# RECORDS FOR PROCESSING

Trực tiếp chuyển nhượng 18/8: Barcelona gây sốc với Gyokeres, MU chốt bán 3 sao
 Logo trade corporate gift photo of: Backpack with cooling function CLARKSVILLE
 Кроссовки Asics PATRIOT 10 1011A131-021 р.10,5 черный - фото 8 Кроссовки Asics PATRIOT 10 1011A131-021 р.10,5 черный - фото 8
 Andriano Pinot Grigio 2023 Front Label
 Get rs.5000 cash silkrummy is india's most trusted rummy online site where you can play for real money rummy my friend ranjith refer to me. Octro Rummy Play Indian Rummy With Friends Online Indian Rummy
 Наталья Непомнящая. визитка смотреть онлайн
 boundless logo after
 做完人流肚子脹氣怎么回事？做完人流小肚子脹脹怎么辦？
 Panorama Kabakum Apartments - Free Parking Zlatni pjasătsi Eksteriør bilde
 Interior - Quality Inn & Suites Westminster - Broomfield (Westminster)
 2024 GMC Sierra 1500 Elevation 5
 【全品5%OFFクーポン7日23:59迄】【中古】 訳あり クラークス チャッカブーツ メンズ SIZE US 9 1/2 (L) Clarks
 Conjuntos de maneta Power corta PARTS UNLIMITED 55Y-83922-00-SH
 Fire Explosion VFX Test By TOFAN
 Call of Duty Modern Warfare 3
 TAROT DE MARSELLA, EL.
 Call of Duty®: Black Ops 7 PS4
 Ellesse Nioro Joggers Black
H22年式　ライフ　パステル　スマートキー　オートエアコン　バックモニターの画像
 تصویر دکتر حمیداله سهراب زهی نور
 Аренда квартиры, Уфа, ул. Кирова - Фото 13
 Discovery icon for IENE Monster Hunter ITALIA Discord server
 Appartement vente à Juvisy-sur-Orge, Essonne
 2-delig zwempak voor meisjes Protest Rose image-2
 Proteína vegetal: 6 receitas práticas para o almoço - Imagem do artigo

# PROMPT
Could you print exactly the lines from the one containing "Fire Explosion VFX Test By TOFAN" through the last line of the records above?

# TASK OUTPUT
 Fire Explosion VFX Test By TOFAN
 Call of Duty Modern Warfare 3
 TAROT DE MARSELLA, EL.
 Call of Duty®: Black Ops 7 PS4
 Ellesse Nioro Joggers Black
H22年式　ライフ　パステル　スマートキー　オートエアコン　バックモニターの画像
 تصویر دکتر حمیداله سهراب زهی نور
 Аренда квартиры, Уфа, ул. Кирова - Фото 13
 Discovery icon for IENE Monster Hunter ITALIA Discord server
 Appartement vente à Juvisy-sur-Orge, Essonne
 2-delig zwempak voor meisjes Protest Rose image-2
 Proteína vegetal: 6 receitas práticas para o almoço - Imagem do artigo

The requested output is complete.